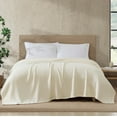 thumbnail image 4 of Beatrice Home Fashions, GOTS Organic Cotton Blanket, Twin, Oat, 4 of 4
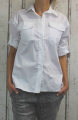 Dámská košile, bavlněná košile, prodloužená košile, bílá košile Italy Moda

————

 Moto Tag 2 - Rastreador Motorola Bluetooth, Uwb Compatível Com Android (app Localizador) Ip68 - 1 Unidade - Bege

————

WHAT THE TASK REQUIRES:
Please output, exactly as written, the lines above from the one holding "thumbnail image 4" through the one holding "Dámská košile, bavlněná", both included, with the pictures omitted.

EXERCISE RESULT:
 thumbnail image 4 of Beatrice Home Fashions, GOTS Organic Cotton Blanket, Twin, Oat, 4 of 4
 Dámská košile, bavlněná košile, prodloužená košile, bílá košile Italy Moda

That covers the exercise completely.